Pádraig Brady <[email protected]> writes:
> Thanks a lot for working on this.
>
> The idea is sound. I also biased towards using memchr() and strstr()
> with an update to cut(1) I'm working on, as the platform specific
> optimizations for those in glibc are a significant win.
>
> One of your observances confused me though.
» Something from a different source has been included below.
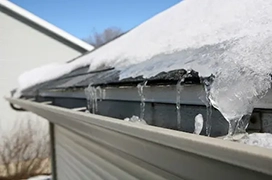 Thawing icy gutters.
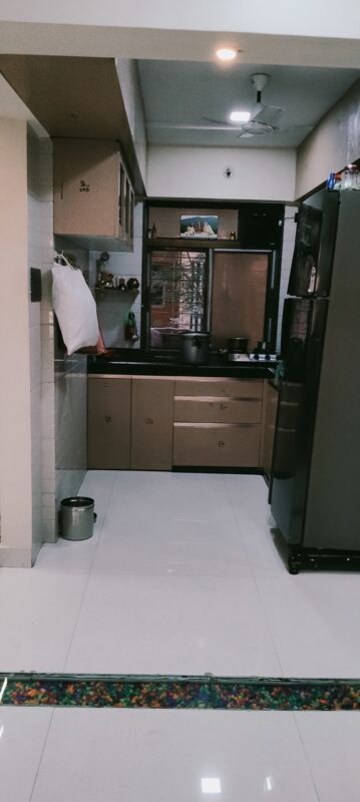 Kitchen in 2 BHK Apartment at Kosmos Vinayak Tower, Malad East – for Sale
> getc() and putchar() should also avoid function calls,
> and degenerate via inlining and macros to directly manipulate stdio mem,
> periodically calling __uflow() and __overflow() respectively.
>
> Compiling uniq(1) on Fedora 43 here with default (-O2) options I see:
>
> $ yes $(yes eeeaae | head -n9 | paste -s -d,) | head -n1M > as.in
> $ ltrace -c uniq as.in
> eeeaae,eeeaae,eeeaae,eeeaae,eeeaae,eeeaae,eeeaae,eeeaae,eeeaae
> % time seconds usecs/call calls function
> ------ ----------- ----------- --------- --------------------
> 97.95 57.971874 55 1048575 memcmp
> 2.05 1.211896 75 16129 __uflow
> ...
>
> So function calls happen only once per 4KiB rather than per byte.
>
> BTW fwrite(...,1) is also similarly optimized,
> but var=1; fwrite(...,var) is not, so I'm also doing the attached
> in my cut(1) update to avoid the function call overhead.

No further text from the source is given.